Wednesday, July 22, 2015

Esperanto’s One Advantage

Harsh words from a small paper
At least, according to the County Record of Kingstree, South Carolina. There were certainly more advantages to Esperanto than as determined by the Record, but they found only one. We can probably attribute the short editorial statement to Louis J. Bristow, the Editor and Proprietor of the County Record. According to a contemporary American newspaper directory, the circulation of the Record was estimated at fewer than a thousand subscribers.

At the time that Mr. Bristow was writing about Esperanto, it was still fairly new. This was printed not long before the tenth anniversary of the publication of the Unua Libro. Unlike Volapük, the first decade of Esperanto was fairly quiet. In the course of a decade, Volapük had managed to go from publication to the total splintering of the movement. Esperanto took things slowly.


This is a nineteenth-century item about Esperanto, taken from the July 22, 1897 County Record. There would be no Esperanto groups formed in the United States for another eight years. The first Universala Kongreso was also eight years away. The Esperanto Association of North America was eleven years away. This item does not seem to have lead to early interest about Esperanto in South Carolina. Just to put this in perspective, the New York Times had only first written about Esperanto a few months prior.
A Russian philologist has invented a new language, which he fondly images will fill the bill universally. He names it “Esperanto,” but it is safe to predict that it will go the same route as “Volapuk.” It has only one thing to commend it. The name seems smoother than the effort of the Volapuk crank.
Whenever I see something nasty written about Esperanto, I just think of the abuse the poor Volapukians had heaped on them. People were unkind.

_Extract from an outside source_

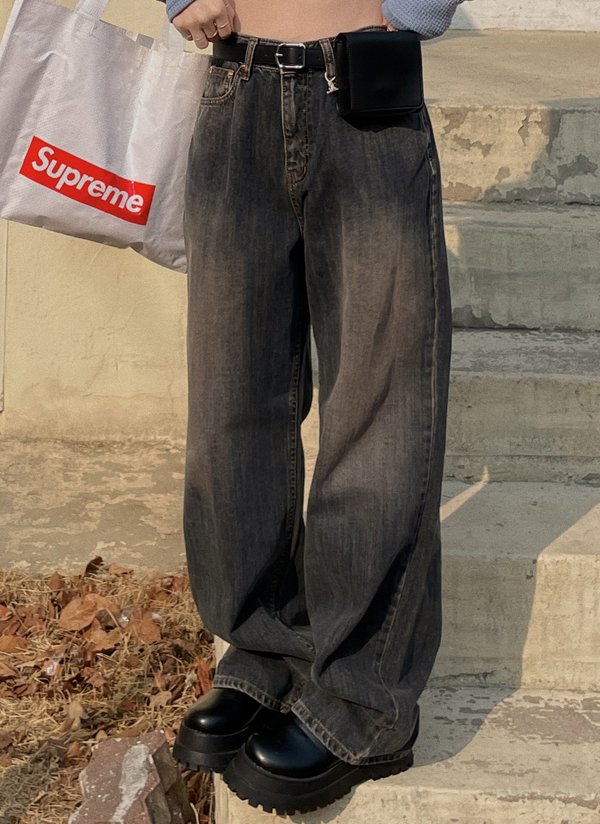 acne 太陽プリント　ワイドデニムパンツ 505ZX ルーズストレート ヴィンテージ デニムパンツ ジーンズ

It was true, however, that by 1897 the Volapük movement had largely flamed out. The last of its three congresses had been eight years previous. As noted above, the Esperanto movement hadn’t even managed its first congress by that point. Judging from the history of Volapük, some probably decided that Esperanto would do worse, and be over even before it began. Esperanto was already considered doomed, at least by the County Record. (The County Record ceased publication in 1975. So there.)

Mr. Bristow would only be the Editor and Proprietor of the County Record for a short time. The newspaper was founded in 1885 by R. C. Logan, who managed it for ten years. According to a history of Williamsburg County, Mr. Logan sold it E. G. Chandler, who sold it to W. E. Cooke, who sold it to Mr. Bristow, who in turn sold it Charles W. Wolfe in 1898, just the year after Mr. Bristow was predicting the end of Esperanto.